How it works Image: SSE
The UK Government confirmed last year a cap and floor investment framework would be introduced to enable the deployment of long-duration electricity storage projects. Meanwhile, the system operator, NESO, has said pumped storage hydro will be critical for energy flexibility as part of the 2030 Clean Power plan.
Robert Bryce
Robert Bryce, Director of Hydro at SSE Renewables said:
“The decision to introduce a cap and floor investment framework was a massive step forward in delivering more of the flexible homegrown energy the UK needs to enable clean power by 2030 and our transition to net zero by 2050.
“Having reached this important milestone in the exploratory works, we are now looking forward to seeing further detail on how the first projects will be taken forward under the scheme, which will be a key enabler of the Government’s Clean Power Plan.”
At 1.3GW with up to 30GWh of storage capacity, Coire Glas could power three million homes for up to 24 hours and would nearly double Great Britain's total current electricity storage capacity, helping the UK to put even more of its homegrown renewable energy to use.
The exploratory works gathered important geological data to inform the main design of the scheme with over 90,000 tonnes of rock and earth excavated.
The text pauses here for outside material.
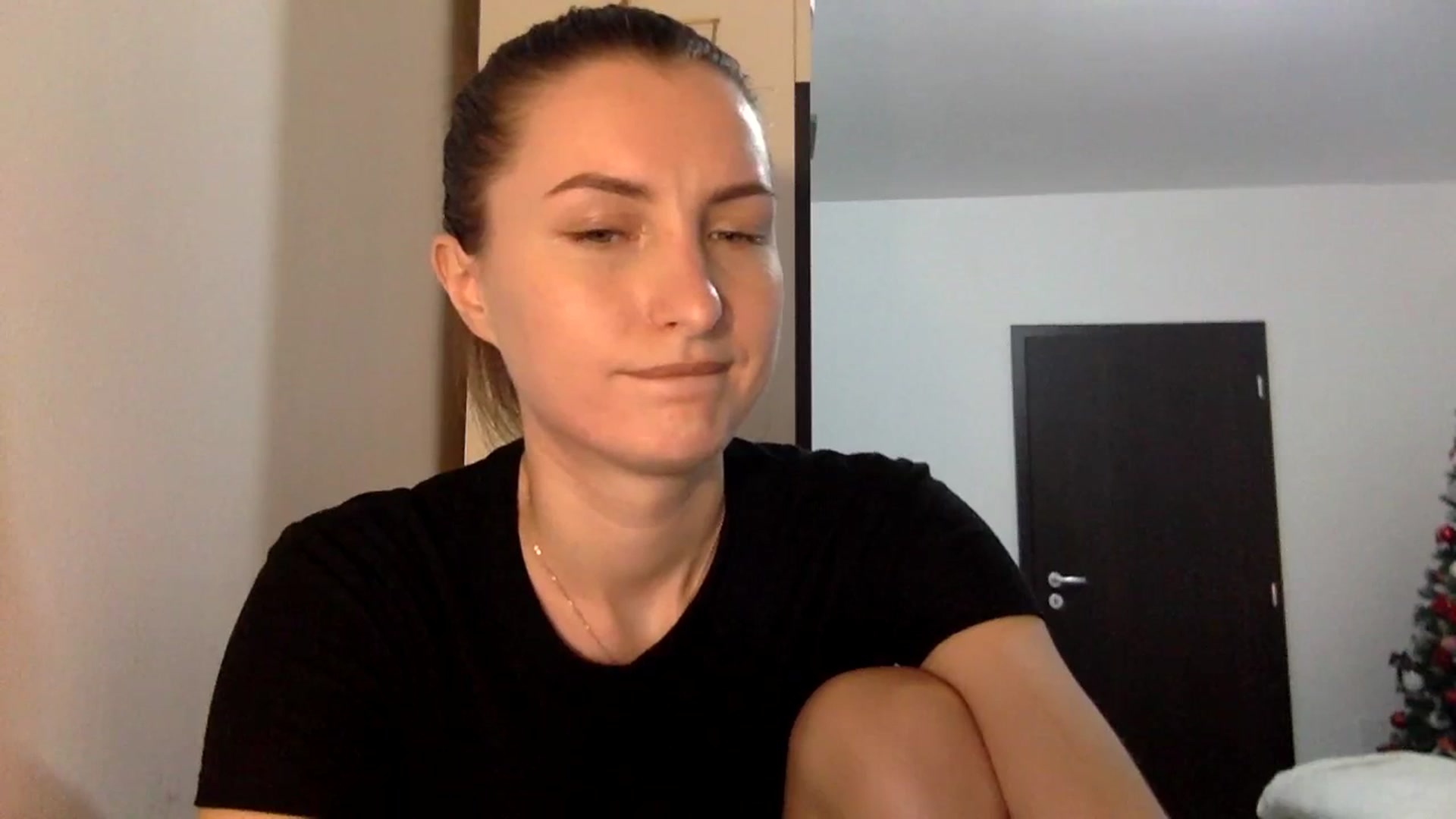 Gallery image thumbnail from EmilyRosier's myfreecams stream on, 02/26/2024, 19:18 image 13 of 20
Coire Glas received planning consent in 2020 and the project is the largest and most advanced of the more than 10GW of long duration electricity storage projects in the pipeline in the UK.
Robert added:
“We are encouraged to see that NESO has identified pumped storage as critical to both its potential pathways to achieve clean power by 2030. We eagerly await the UK government’s response to the CP30 Report, which is expected to set out the practical steps they will now take to make that pathway a reality. In our view this will require accelerated implementation of the cap and floor with a view to enabling final investment decisions at pace on the most advanced and impactful projects.”
Coire Glas enabling works Images: SSE
Scotland’s unique natural geography provides the ideal environment to deploy pumped storage hydro assets, delivering critical system flexibility by storing low-carbon power in times of surplus to be deployed when the wind doesn’t blow, and sun doesn’t shine.
Coire Glas would be able to ramp to its full generating capacity in under 60 seconds to rapidly support grid stability and start generating in under 10 seconds.
As it is predominantly a civil engineering project, most of the capex cost would be expected to be spent domestically - a major boost for the UK economy and local supply chains.
With an appropriate designed cap and floor regime in place and swift action to progress the first projects, SSE believes Coire Glas could be delivering flexibility to the system in the early 2030s.
Coire Glas is expected to deliver a GVA impact of £81.5 m to the Highlands and £123.9 million to the Scottish economy over the seven-year core construction period.
The project has also supported more than £160k of community and educational initiatives to date, with the project providing almost circa 30per cent local employment and if it goes ahead a multi-million-pound community benefit fund will be open to the region.